Dataset excerpts:
====================
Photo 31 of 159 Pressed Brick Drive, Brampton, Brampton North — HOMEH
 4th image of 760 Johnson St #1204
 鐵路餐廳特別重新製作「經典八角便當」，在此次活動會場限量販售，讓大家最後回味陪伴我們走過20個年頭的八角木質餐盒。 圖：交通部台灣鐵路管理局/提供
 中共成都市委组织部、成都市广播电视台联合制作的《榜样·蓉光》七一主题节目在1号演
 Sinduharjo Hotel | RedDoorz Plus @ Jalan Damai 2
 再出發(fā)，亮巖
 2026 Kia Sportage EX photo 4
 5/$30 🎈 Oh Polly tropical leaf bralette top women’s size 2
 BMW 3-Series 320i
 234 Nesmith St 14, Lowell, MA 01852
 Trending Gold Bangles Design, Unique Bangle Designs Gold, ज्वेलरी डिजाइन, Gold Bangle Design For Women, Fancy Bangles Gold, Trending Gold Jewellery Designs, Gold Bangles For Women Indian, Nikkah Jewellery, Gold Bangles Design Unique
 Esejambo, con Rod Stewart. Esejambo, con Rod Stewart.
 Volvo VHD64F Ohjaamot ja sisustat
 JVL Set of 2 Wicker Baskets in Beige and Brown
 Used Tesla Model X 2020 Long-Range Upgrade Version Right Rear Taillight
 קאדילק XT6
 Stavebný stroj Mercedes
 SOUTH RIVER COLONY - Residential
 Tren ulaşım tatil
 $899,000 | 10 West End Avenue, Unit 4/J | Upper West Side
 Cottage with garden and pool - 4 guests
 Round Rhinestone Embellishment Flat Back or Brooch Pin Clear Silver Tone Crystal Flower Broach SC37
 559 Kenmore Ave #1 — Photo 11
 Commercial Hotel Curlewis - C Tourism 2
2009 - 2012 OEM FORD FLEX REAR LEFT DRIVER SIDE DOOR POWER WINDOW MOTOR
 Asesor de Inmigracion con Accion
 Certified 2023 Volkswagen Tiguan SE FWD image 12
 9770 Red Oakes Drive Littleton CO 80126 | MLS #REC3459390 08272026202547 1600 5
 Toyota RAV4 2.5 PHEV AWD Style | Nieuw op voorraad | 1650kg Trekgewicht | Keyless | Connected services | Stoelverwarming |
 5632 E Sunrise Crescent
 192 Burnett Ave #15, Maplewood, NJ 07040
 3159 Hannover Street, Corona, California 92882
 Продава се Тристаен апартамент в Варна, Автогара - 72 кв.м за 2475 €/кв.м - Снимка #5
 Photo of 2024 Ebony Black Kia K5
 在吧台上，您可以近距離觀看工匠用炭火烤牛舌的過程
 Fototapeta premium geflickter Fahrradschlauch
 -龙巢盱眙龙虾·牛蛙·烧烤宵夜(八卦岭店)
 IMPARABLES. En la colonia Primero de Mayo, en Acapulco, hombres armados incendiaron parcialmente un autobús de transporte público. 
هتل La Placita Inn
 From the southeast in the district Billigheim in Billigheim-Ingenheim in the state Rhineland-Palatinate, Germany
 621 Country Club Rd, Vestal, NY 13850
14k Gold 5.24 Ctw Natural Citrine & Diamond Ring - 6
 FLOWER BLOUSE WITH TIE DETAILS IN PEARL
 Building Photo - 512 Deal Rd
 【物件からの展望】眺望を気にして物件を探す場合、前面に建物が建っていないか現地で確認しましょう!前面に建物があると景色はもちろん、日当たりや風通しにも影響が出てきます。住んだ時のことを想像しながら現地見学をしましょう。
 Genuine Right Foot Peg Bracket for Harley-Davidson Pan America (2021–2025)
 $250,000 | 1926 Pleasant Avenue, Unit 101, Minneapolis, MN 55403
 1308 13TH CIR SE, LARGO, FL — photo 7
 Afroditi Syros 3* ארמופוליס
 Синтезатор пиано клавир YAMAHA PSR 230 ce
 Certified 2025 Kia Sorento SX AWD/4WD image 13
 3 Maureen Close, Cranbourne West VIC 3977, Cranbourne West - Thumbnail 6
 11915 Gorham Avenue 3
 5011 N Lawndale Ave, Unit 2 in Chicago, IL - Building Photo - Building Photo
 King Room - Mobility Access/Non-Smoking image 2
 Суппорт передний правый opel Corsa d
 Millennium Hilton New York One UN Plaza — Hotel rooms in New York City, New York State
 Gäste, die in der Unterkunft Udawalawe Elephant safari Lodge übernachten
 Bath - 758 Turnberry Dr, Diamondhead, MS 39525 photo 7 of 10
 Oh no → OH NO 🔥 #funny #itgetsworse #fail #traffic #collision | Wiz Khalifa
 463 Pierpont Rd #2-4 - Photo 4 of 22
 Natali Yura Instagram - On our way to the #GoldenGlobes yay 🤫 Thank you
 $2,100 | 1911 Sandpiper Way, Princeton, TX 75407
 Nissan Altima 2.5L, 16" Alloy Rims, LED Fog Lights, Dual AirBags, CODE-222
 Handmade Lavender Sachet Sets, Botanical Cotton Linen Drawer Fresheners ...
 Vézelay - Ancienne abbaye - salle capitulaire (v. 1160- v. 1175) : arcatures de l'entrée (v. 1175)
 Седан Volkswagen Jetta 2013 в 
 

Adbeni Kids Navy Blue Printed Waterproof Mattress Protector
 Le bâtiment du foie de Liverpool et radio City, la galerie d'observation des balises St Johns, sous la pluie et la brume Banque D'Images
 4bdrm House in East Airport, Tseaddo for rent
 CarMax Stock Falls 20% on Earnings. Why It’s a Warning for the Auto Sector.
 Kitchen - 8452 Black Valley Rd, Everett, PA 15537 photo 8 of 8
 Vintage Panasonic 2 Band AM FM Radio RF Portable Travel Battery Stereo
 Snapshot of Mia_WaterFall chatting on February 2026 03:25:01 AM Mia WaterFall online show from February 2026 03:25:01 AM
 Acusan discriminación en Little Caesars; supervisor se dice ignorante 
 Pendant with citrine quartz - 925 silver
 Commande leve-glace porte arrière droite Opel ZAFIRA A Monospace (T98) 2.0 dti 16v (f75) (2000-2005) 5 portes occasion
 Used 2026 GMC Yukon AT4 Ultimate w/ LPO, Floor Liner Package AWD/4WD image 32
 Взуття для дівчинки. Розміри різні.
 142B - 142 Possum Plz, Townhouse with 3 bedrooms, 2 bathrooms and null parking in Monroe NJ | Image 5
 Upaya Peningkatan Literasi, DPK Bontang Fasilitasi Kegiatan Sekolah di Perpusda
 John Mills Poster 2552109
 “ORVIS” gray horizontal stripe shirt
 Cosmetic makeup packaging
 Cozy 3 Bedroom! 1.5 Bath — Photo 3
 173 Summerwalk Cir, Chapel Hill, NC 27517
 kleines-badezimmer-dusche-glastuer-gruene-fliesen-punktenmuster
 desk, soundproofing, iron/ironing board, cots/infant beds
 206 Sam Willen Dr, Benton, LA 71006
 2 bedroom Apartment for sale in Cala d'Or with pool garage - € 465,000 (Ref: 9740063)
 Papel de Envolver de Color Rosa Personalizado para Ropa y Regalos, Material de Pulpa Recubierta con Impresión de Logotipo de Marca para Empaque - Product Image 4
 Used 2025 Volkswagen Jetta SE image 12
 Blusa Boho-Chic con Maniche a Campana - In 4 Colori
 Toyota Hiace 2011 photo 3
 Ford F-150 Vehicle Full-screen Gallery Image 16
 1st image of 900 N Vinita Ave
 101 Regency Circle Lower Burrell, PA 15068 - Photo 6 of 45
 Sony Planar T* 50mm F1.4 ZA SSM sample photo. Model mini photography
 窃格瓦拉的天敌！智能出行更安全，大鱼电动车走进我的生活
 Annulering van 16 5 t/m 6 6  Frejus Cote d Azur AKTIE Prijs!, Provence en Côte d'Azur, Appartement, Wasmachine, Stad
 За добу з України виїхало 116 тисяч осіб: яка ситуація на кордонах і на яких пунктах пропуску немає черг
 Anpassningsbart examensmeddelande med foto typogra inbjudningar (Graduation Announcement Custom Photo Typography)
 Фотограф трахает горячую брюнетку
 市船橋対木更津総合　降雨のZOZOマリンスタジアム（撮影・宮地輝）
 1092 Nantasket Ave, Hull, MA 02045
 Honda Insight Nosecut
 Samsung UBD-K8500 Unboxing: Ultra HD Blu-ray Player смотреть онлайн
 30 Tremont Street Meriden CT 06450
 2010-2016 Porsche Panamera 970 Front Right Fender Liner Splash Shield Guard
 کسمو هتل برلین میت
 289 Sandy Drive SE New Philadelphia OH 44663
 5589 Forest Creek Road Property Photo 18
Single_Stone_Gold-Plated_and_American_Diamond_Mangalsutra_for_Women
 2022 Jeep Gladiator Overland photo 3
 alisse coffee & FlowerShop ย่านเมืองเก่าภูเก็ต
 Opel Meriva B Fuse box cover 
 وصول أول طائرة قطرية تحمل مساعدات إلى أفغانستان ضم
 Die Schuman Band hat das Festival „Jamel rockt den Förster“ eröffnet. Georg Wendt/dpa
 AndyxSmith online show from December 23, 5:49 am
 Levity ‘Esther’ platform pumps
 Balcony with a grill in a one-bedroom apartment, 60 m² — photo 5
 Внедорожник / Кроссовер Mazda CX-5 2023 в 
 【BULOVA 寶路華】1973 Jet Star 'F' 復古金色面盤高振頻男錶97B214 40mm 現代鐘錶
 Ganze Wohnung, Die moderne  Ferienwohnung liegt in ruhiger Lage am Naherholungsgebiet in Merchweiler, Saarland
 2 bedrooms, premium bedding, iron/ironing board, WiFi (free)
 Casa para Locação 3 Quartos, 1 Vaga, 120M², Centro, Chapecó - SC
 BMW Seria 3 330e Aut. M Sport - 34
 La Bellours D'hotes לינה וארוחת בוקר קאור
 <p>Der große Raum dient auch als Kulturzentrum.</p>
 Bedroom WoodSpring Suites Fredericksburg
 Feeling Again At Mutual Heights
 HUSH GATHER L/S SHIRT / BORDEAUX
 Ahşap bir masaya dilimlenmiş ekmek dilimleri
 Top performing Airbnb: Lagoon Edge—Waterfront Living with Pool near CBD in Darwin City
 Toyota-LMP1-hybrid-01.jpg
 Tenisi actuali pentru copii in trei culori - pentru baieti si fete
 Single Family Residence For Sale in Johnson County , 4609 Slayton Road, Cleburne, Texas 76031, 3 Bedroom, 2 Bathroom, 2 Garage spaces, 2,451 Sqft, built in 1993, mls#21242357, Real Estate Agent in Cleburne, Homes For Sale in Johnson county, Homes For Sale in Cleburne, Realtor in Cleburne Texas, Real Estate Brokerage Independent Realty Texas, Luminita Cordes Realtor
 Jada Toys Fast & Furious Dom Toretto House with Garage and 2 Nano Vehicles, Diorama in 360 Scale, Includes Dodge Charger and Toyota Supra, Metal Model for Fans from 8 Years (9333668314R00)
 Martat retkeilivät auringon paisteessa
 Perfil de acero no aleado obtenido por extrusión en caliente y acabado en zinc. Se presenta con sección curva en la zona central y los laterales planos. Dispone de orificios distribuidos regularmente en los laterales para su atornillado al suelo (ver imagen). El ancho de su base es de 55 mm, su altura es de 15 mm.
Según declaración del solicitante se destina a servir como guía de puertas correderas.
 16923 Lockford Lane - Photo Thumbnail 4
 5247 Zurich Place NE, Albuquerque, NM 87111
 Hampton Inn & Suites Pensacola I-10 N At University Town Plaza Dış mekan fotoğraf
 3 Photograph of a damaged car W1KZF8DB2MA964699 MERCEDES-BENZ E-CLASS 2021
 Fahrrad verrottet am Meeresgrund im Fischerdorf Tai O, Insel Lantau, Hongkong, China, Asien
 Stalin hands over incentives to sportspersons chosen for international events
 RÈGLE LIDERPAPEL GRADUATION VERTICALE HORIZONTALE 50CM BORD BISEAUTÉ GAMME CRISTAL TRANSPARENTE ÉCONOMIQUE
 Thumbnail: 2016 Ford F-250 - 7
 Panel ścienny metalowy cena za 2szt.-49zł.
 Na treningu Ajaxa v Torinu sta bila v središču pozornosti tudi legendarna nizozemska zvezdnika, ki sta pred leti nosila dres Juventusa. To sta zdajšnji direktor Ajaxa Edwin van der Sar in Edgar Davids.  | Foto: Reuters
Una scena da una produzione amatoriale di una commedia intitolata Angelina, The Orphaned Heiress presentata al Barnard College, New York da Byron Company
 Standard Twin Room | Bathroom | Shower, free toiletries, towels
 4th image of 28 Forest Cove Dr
====================
What to produce: Go through the data above and return each line containing the string "Suites".

Solution for this task:
 Bedroom WoodSpring Suites Fredericksburg
 Hampton Inn & Suites Pensacola I-10 N At University Town Plaza Dış mekan fotoğraf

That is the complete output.